Mirrors SigmaValidationError. Raised when CCCS metadata validation fails hard enough that callers should treat the rule as unacceptable. The validate_metadata() function itself returns a ValidationResult so strict/warn/non_cccs callers can inspect the outcome without catching.

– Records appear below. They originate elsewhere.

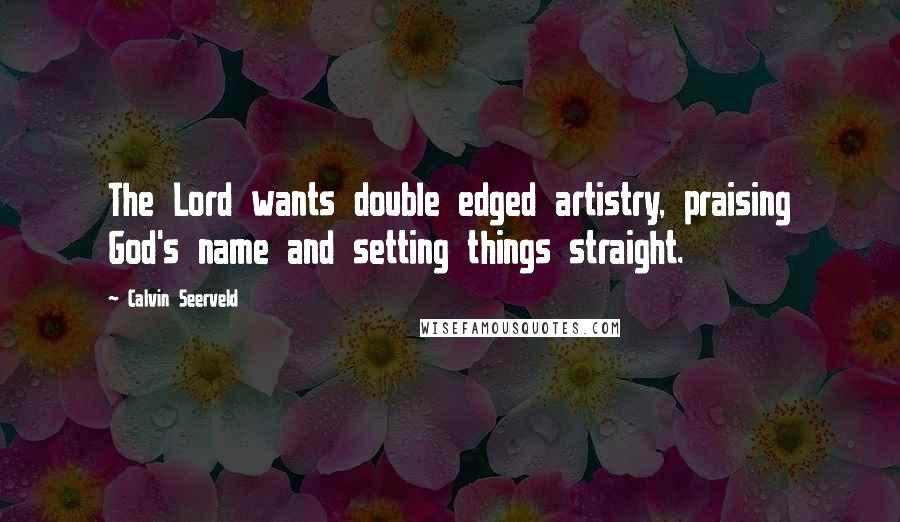 Calvin Seerveld Quotes: The Lord wants double edged artistry, praising God's name and setting things straight.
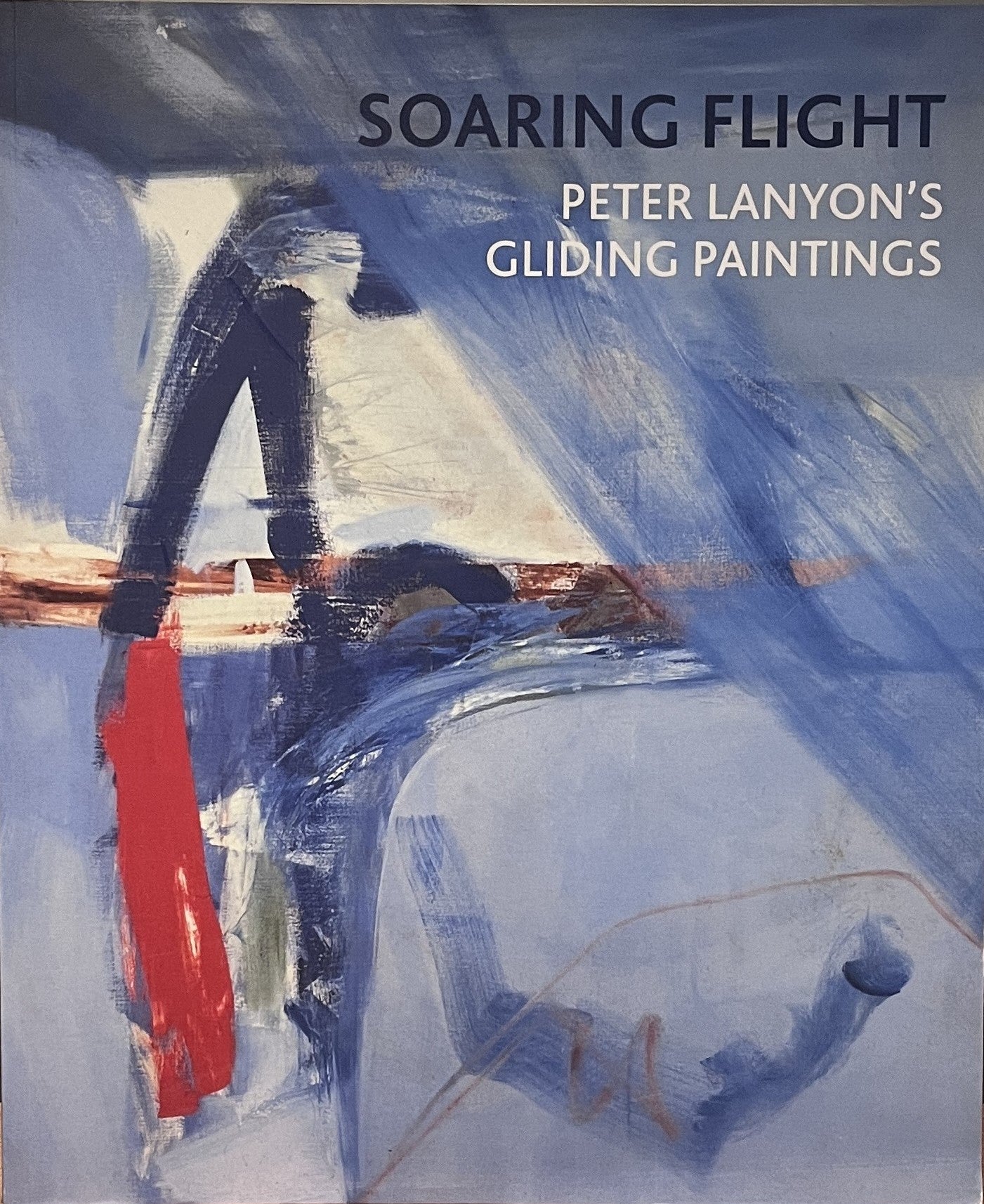 Soaring Flight: Peter Lanyon's Gliding Paintings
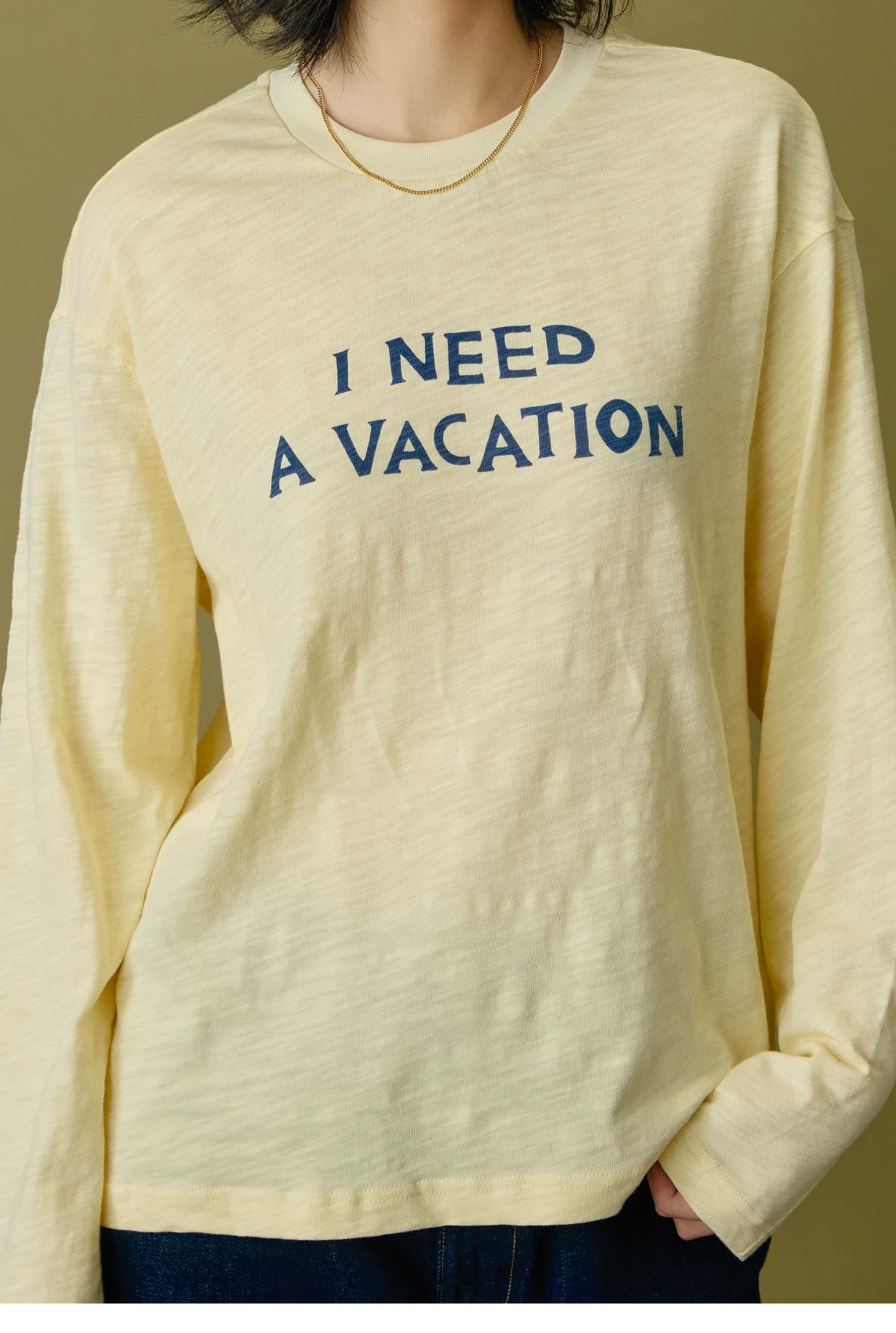 I Need A Vacation Slub Cotton Long Sleeve Tee - Light Yellow front detail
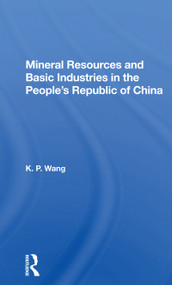 Mineral Resources and Basic Industries in the People's Republic of China - 9780367167530 by K.P. Wang, 9780367167530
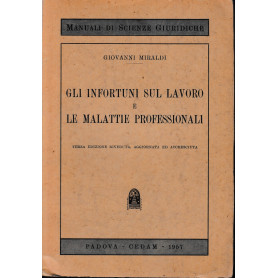 Gli infortuni sul lavoro e le malattie professionali.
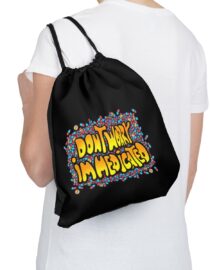 Don't Worry, I'm Medicated - Drawstring Bag
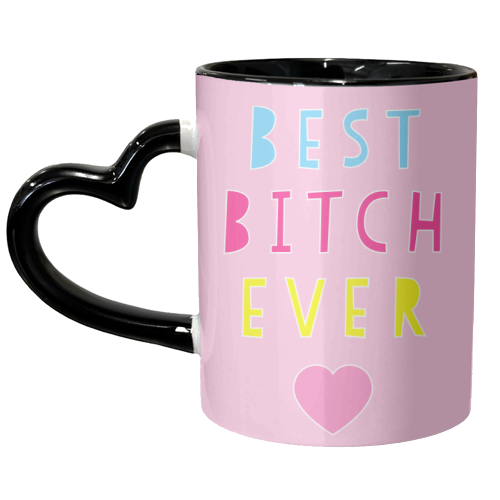 Best Bitch Ever - unique mug by Adam Regester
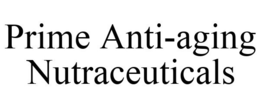 PRIME ANTI-AGING NUTRACEUTICALS trademark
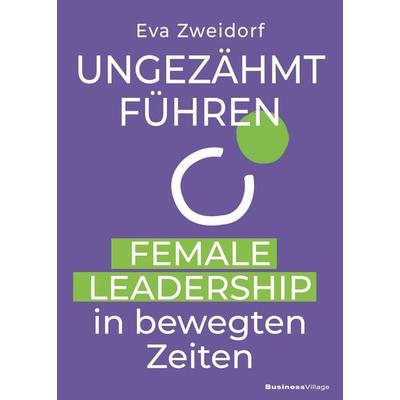 Ungezähmt führen, Taschenbuch von Eva Zweidorf, Businessvillage, 978-3-86980-861-1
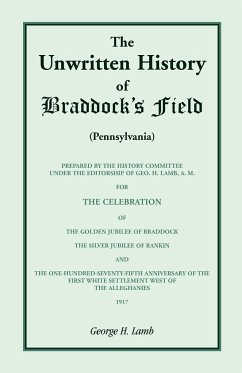 The Unwritten History of Braddock's Field (Pennsylvania) - Lamb, George H.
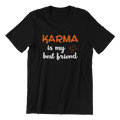 Karma is My Best Friend T-Shirt, Black Cotton, Inspirational Quote Design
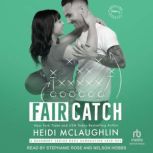 Fair Catch, Heidi McLaughlin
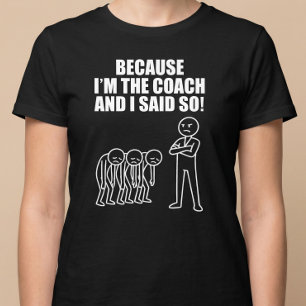 Camiseta Porque Eu Sou O Treinador E Eu Disse Isso!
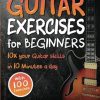 Guitar Exercises for Beginners: 10x Your Guitar Skills in 10 Minutes a Day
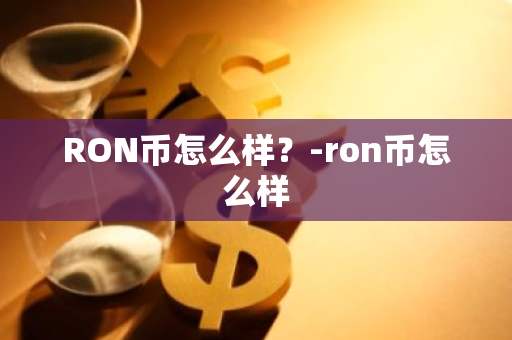 RON币怎么样？-ron币怎么样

Rule Dict Shape (plyara Normalized)

After parsing, each rule dict contains plyara's original keys plus these additions:

Key Type Description
rule_name str Rule name from YARA source
meta dict Flattened metadata from metadata list
strings list Rule string definitions
condition str Rule condition expression
condition_terms list Parsed condition terms
tags list[str] Inline rule tags
imports list[str] Module imports (e.g., pe, hash)
raw_meta str Raw meta section text
raw_strings str Raw strings section text
raw_condition str Raw condition section text
start_line int Line number where the rule starts (1-indexed)
stop_line int Line number where the rule ends (inclusive)
raw_rule str Source text substring from start_line to stop_line

Ingestion Pipeline

The ingest_rule() function in yara.ingest orchestrates the per-rule pipeline:

  1. Parse via plyara wrapper
  2. Validate CCCS metadata against vendored schemas
  3. Extract entities via rule_to_entities() which returns a YaraRule instance and relation list
  4. Construct note content (raw rule text + summary with name, category, technique, author, CCCS tier)
  5. Persist note via MemoryManager.remember() with source_type="yara"
  6. Write KG edges via store.add_kg_edge() for each relation

Idempotency

Source ref pattern: yara:<rule_id>:<content_sha256[:12]> A store lookup via get_note_by_source_ref() precedes every write.

Edge Tagging

All KG edges carry: - edge_type: detection — distinguishes from causal or heuristic edges - source: yara_ingest — provenance tag for downstream filtering

Relation Types Emitted

Relation Target Type Source Description
detects AttackPattern mitre_att meta MITRE technique detection
tagged_with YaraTag inline tags + CCCS technique Lossless tag edge
attributed_to ThreatActor actor / actor_type meta Threat actor attribution
references_cve Vulnerability inline tags resolving to CVE CVE reference

File Size Limit

MAX_RULE_FILE_BYTES = 1_048_576  # 1 MB

YARA rules are text, typically a few KB. The 1 MB ceiling catches runaway payloads without blocking normal multi-rule files.


Minimal Example

from zettelforge.yara import parse_yara

yara_text = \"\"\"
rule SILENT_BANKER_LOADER {
    meta:
        description = "Detects silent banker loader techniques"
        category = "TECHNIQUE"
        technique = "loader:memorymodule"
        mitre_att = "T1218"
    strings:
        $s1 = { 4D 5A 90 00 03 00 00 00 }
    condition:
        $s1
}
\"\"\"

rules = parse_yara(yara_text)
print(f"Parsed {len(rules)} rule(s)")
print(f"Name: {rules[0]['rule_name']}")
print(f"Meta flattened: {list(rules[0]['meta'].keys())}")

Full Example

from zettelforge.yara import (
    parse_file, validate_metadata, rule_to_entities,
    REQUIRED_FIELDS, YaraValidationError,
)

# Parse a file
rules = parse_file("technique_loader.yar")

for rule_dict in rules:
    # Validate CCCS metadata
    result = validate_metadata(rule_dict["meta"], tier="warn")
    print(f"Accepted: {result.accepted}, Warnings: {len(result.warnings)}")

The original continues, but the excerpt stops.